Matthias Noell: Wider das Verschwinden der Dinge. Die Erfindung des
Denkmalinventars (1. Bd. der „kleinen architekturwissenschaftlichen
Reihe“). Wasmuth & Zohlen Verlag, Berlin 2020, 404 Seiten, ohne
Abbildungen, ISBN 978 3 8030 3410 6, 48,00 €

In seinem jüngsten Buch /Wider das Verschwinden der Dinge. Die Erfindung
des Denkmalinventars /analysiert Matthias Noell, Professor für
Architekturgeschichte und Architekturtheorie an der Universität der
Künste, Berlin, Erfolge und Misserfolge unzähliger Initiativen zur
Etablierung von Inventaren in der Zeit von 1789 bis 1913. Der Text mit
seinen 1.062 Anmerkungen ist wissenschaftlich fundiert und dabei
gleichzeitig flüssig und unterhaltsam verfasst: „Jeder Inventarisator
müsse neben den wissenschaftlichen und künstlerischen Fähigkeiten vor
allem gut zu Pferd und zu Fuß sein, war sich Grille de Beuzelin (1837)
nach seinen Streifzügen sicher.“

Das Buch verweist darüber hinaus auf ein bislang unerklärtes
Europäisches Projekt: die zahlreichen wissenschaftlichen, methodischen
und administrativen Bestrebungen zur Veröffentlichung der Denkmale über
die Ländergrenzen von Frankreich, Deutschland, Italien, Österreich und
der Schweiz hinweg. „Während Georg Hager (1709-1777) und Berthold Riehl
(1858-1911) alleine unterwegs waren oder sogar einsame Wanderungen
forderten, zogen Rudolf Bergau (1836-1905) und Paul Lehfeldt (1848-1900)
bei Regen und Sonnenschein von Ort zu Ort zusammen durch Brandenburg.

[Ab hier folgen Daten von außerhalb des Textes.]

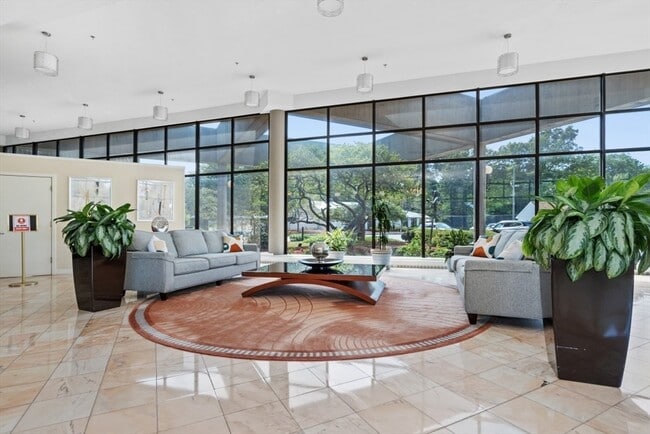 Foto del edificio - 250 Hammond Pond Pkwy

Nur kurz darauf wurde das Fahrrad erschwinglich und Paul Clemen
(1866-1947) reiste mit diesem Individualverkehrsmittel und steckte so
vielleicht auch seine Doktorandin Carola Welcker (1893-1979) an. Ernst
Gall (1888-1958) konnte sich bei seinen Forschungsreisen in der
Normandie hingegen schon des Automobils bedienen – für den Transport der
schweren Glasplatten seines Fotoapparates sicherlich von erheblichem
Vorteil.“

Denkmalinventare sind wissenschaftlich fundierte Beschreibungen von
Denkmalen in Wort und Bild. Die Idee zu ihrer Erstellung war eine
Reaktion auf die gravierenden Zerstörungen von Denkmalen seit der
Französischen Revolution und der beginnenden Industrialisierung. Mit den
Erkenntnissen, Methoden und Werkzeugen, die sie boten, prägten sie die
entstehenden Architekturwissenschaften des 19. und 20. Jahrhunderts.

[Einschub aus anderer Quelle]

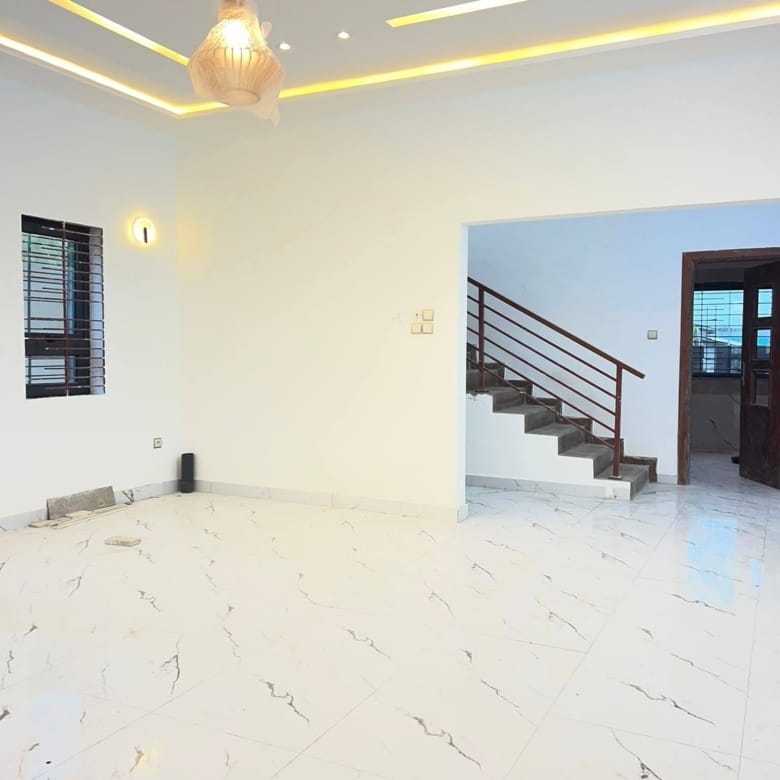 Villa duplex neuve avec vue mer à Fidjrossè Togbin 2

Matthias Noell erforscht und betrachtet diese im 19. Jahrhundert neu
entstandene Buchgattung. Er stellt die Hauptautoren und Protagonisten im
Europa des 19. Jahrhunderts vor – zu nennen sind hier unter anderem
Arcisse de Caumont, Ludovic Vitet, Victor Hugo, Karl Friedrich Schinkel,
Eugène-Emmanuel Viollet-le-Duc, Franz Xaver Kraus, Johann Rudolf Rahn
oder Max Dvorák – und analysiert nicht nur ihre präzisen
Systematisierungsversuche, sondern beschreibt auch die poetische
Melancholie ihrer Reflexionen in Anbetracht des zwangsläufigen
Scheiterns. In beeindruckender Weise bettet Noell die
architekturwissenschaftlichen Bemühungen in die Ideen- und
Kulturgeschichte der Zeit ein und zeichnet so die Ideengeschichte eines
europäischen Großprojekts nach.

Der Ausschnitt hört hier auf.